▸ What you should do
All the data should be repeated exactly. Any image in it is left out.

▸ Exercise data
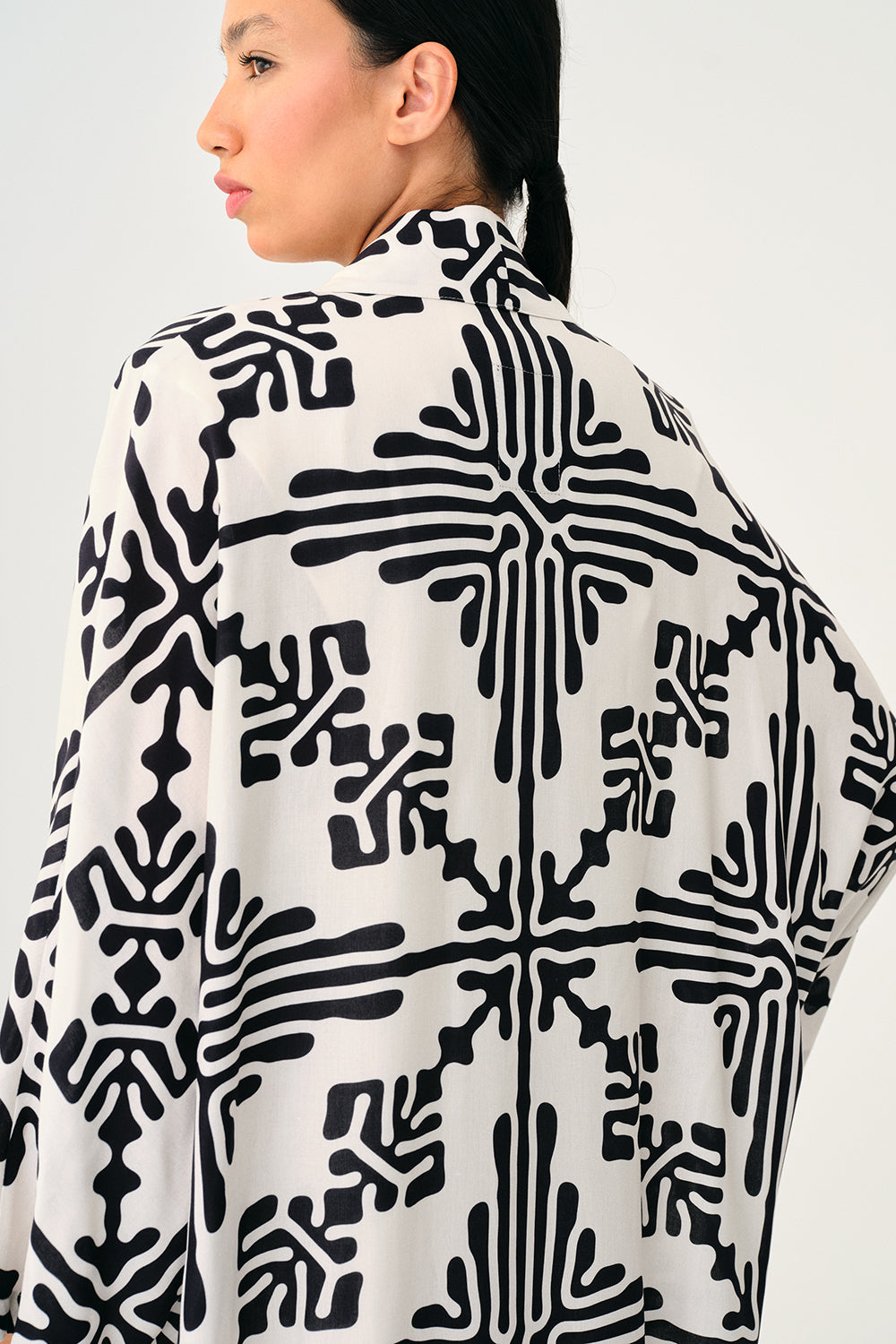 Yakaza Studio-Kimono Xochitl-Kimono-5-fleurdirect.live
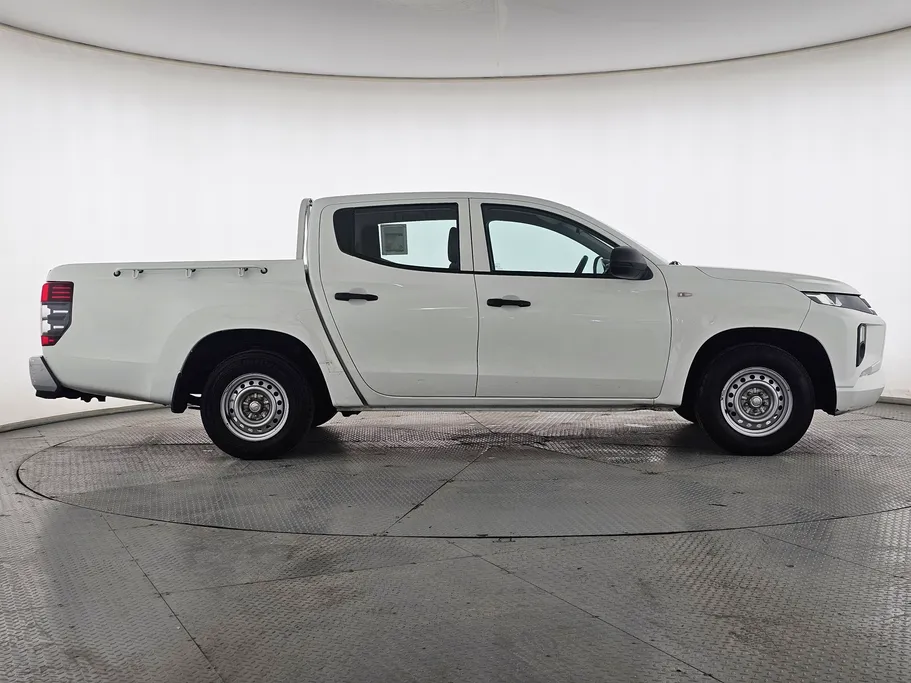 2021 Mitsubishi L200 DC 4x2 Diesel 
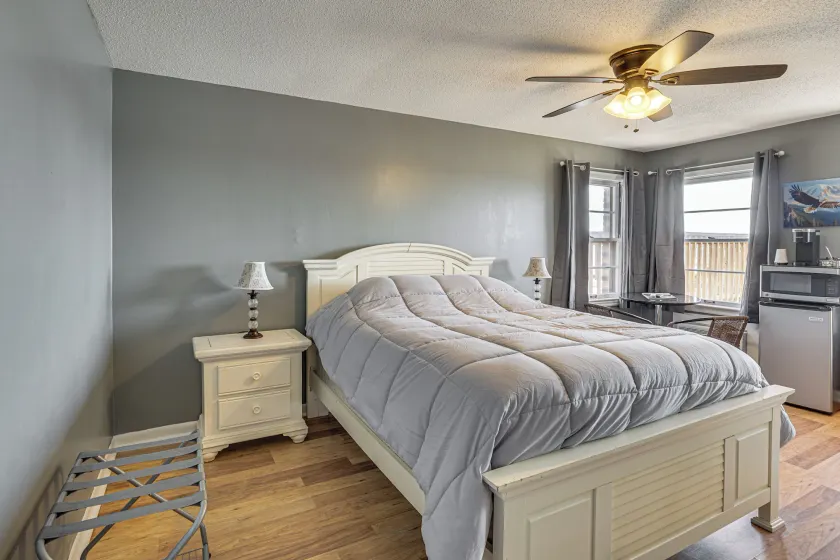 Unit 5: Prime Location, Lake of the Ozarks Apt! - Image 1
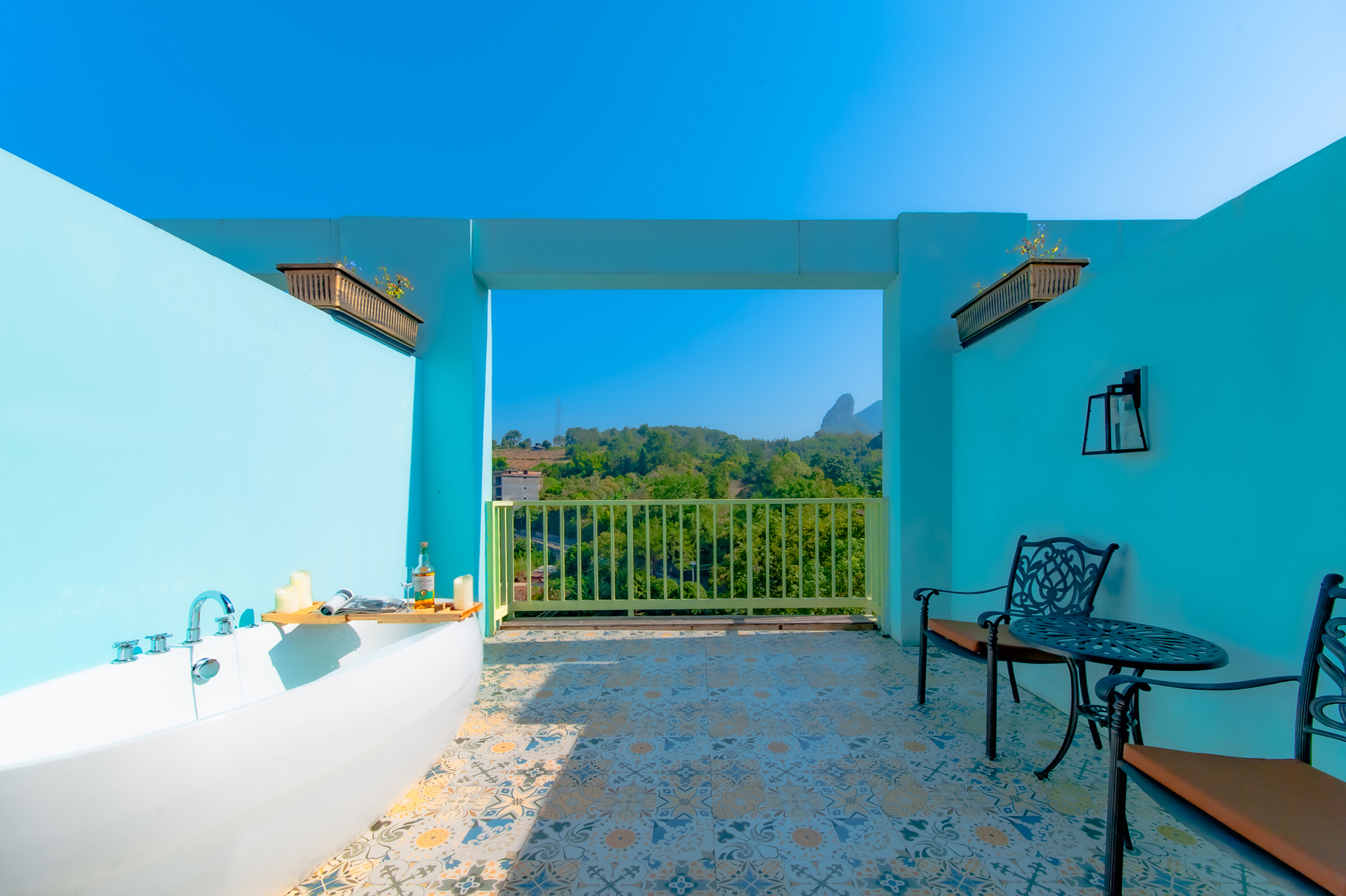 「星野·露台浴缸大床房」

▸ Task result
 Yakaza Studio-Kimono Xochitl-Kimono-5-fleurdirect.live
 2021 Mitsubishi L200 DC 4x2 Diesel 
 Unit 5: Prime Location, Lake of the Ozarks Apt! - Image 1
 「星野·露台浴缸大床房」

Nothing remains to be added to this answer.